Crystal Cave – Yanchep National Park
This popular limestone ‘stream cave’ is adorned with stalactites, stalagmites and helictites, and is one of more than 500 caves recorded in the Yanchep National Park area. You can learn more about the cave and its small creatures on a 45-minute Parks and Wildlife guided tour.
Tunnel Creek Cave – Kimberley
The Tunnel Creek Cave system is one of WA’s oldest and features a massive 750 metre-long tunnel with shallow water pools that visitors need to wade through.
A four-wheel drive is required to access Tunnel Creek National Park via Gibb River Road, or take a day trip from Derby, Fitzroy Crossing or Broome.
Mimbi Caves – Kimberley
Join Aboriginal guides for an inspiring and thrilling tour deep inside one of Australia’s most spectacular and significant cultural and geological sites.
This unique network of caves is a place of deep spiritual significance to the Gooniyandi people as well as being one of the most significant Devonian fossil sites in the world. The caves are 90kms east of Fitzroy Crossing.
Lake Cave – Margaret River
Lake Cave’s mirrored waters reflect the strikingly lit formations on its ceilings and walls. It is the only cave in the region with a permanent lake, and at 62 metres in depth it's the deepest of the three nearby tourist caves.
Entry is through a large hole in the ground known as a doline. Lake Cave is just below the CaveWorks interpretive centre and is a 20-minute drive south of Margaret River.
Ngilgi Cave – Yallingup
Ngilgi Cave is on Caves Road and was the first cave in WA open to tourists. Its dazzling network of tunnels and caverns wind some 40 metres below the ground.

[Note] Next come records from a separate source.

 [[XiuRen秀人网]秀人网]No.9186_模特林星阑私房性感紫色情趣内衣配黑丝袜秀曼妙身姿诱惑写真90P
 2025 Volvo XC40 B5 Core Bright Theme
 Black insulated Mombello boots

Boardwalks lead you down and through the chambers. You can take a regular guided tour or an adventure tour to crawl and climb through sections of the cave not usually seen by the public.
Jewel Cave – Augusta
This is one of WA’s most breathtaking tourist caves. It's also the biggest, with four massive chambers, and contains some of the longest ‘straw’ stalactites of any tourist cave in the world.
The chambers and incredible formations are spectacularly lit, adding to the extraordinary experience. Guided tours are run daily.

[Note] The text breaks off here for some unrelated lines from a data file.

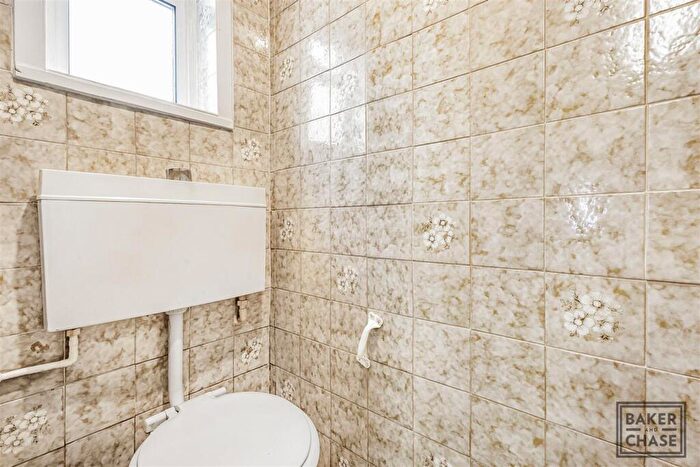 3 Bedroom Terraced House For Sale In Holtwhites Hill, Enfield, EN2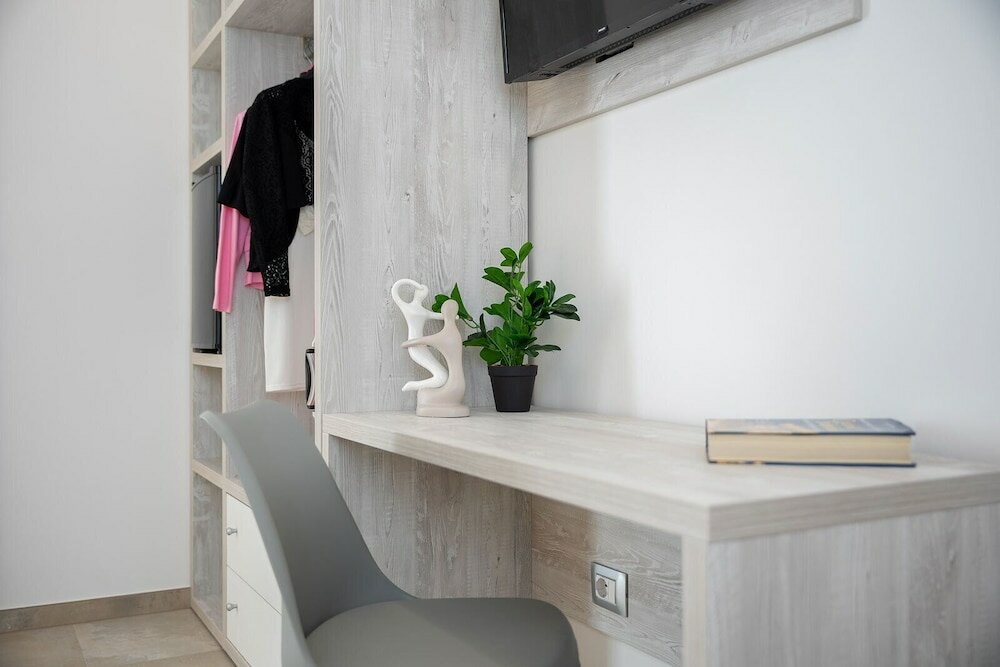 Фото Aurosa Bed and Breakfast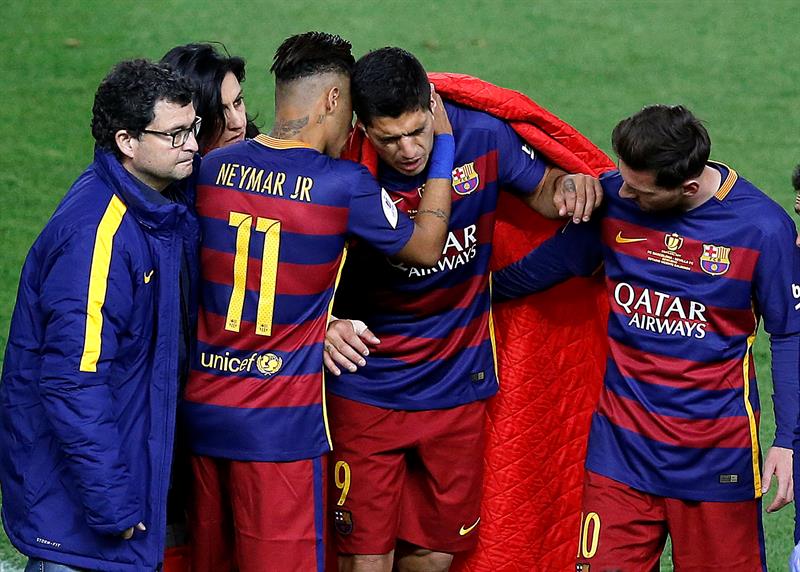 Fotografía de Luis Suárez lesionado consolado por Messi y Neymar final Copa del Rey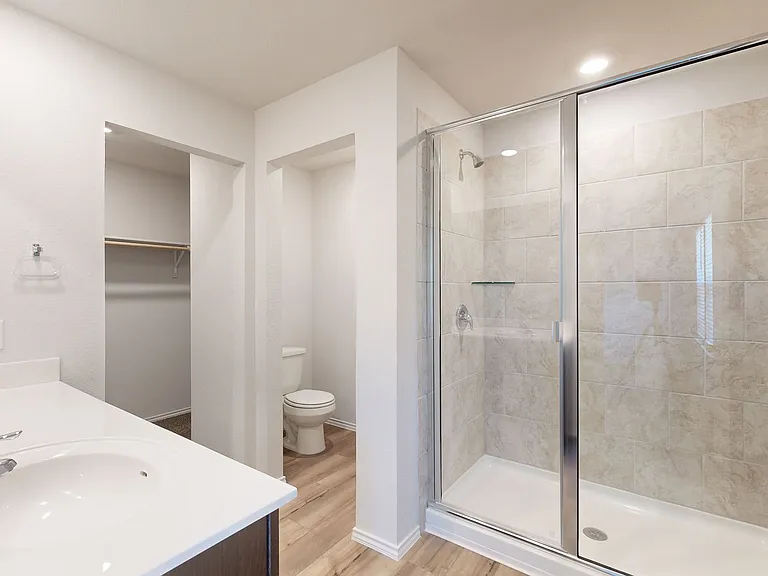 824 Chambray Dr — Photo 7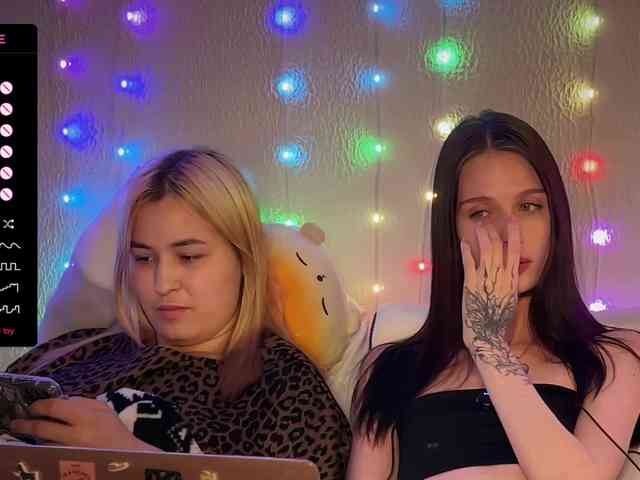-Zoe-Love-'s chat room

Mammoth Cave – Margaret River
Surrounded by towering karri and marri trees, Mammoth Cave is one of the South West’s biggest and most spectacular caves and is one of only a few caves in the area that also contains fossils.

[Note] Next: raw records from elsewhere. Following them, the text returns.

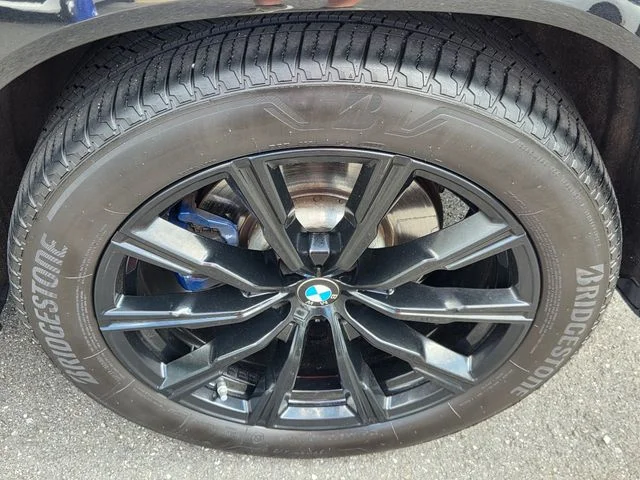 Certified Used 2024 Black Sapphire Metallic BMW xDrive40i image 10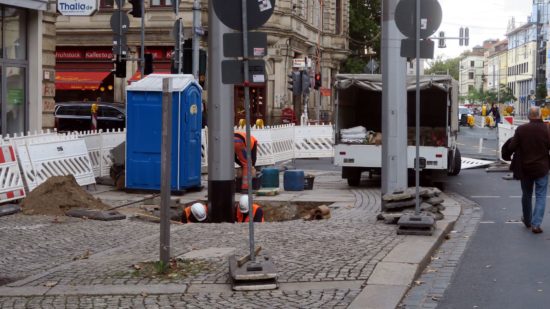 Der neue Mast wird verfestigt.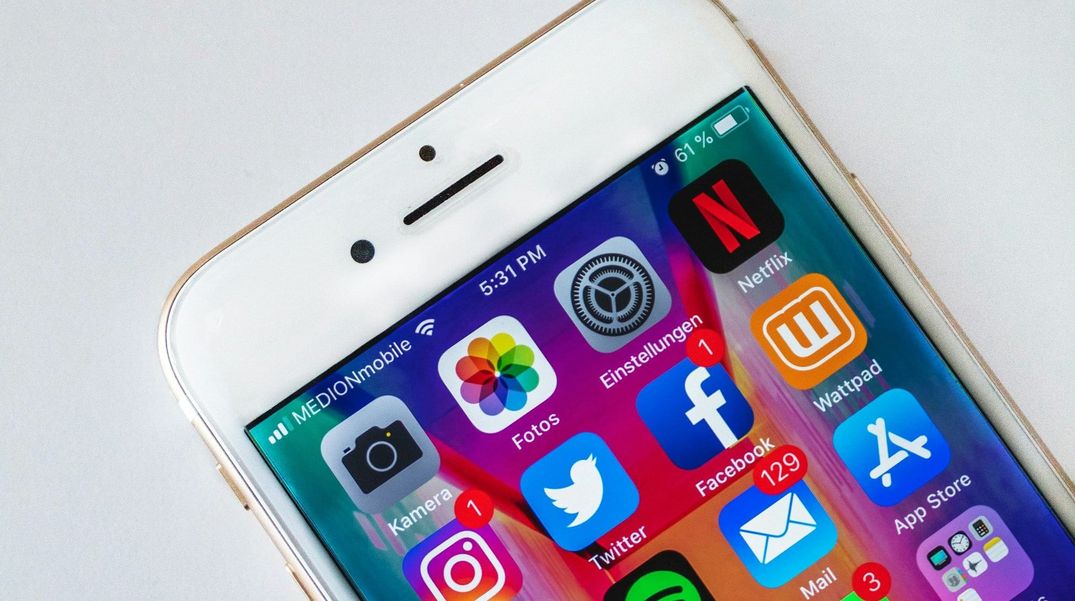 Why the Conservatives Need to Step Up Their Social Media Game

It's easily accessible and has wheelchair access to the first massive chamber. Cave tours are self-guided with visitors listening to an audio tour on an MP3 player.
Moondyne Cave - Margaret River
In 2012, Moondyne Cave was re-opened to visitors after being closed for 10 years. Offering a different caving experience to the region’s other show caves, visitors are required to wear overalls, gloves and helmets for a tour by torchlight.
The cave is a mix of large crystal chambers and small passages, providing a challenging and unique experience.
Giants Cave – Margaret River
Giants Cave offers all the excitement of a true caving experience as you make your way along the marked paths of this huge unlit cave at your own pace.
At 575 metres long and 86 metres deep, it is one of the biggest and deepest caves in the Leeuwin-Naturaliste ridge. Sturdy footwear is recommended and a torch is provided as part of the entry fee.
Calgardup Cave – Margaret River
Water covering the floor of the three large chambers in Calgardup Cave creates spectacular reflections. There are no guided tours so you can explore at your own pace.
Elevated boardwalks along the way provide great views and the chance to stop and rest. Torch use is included in the entry fee.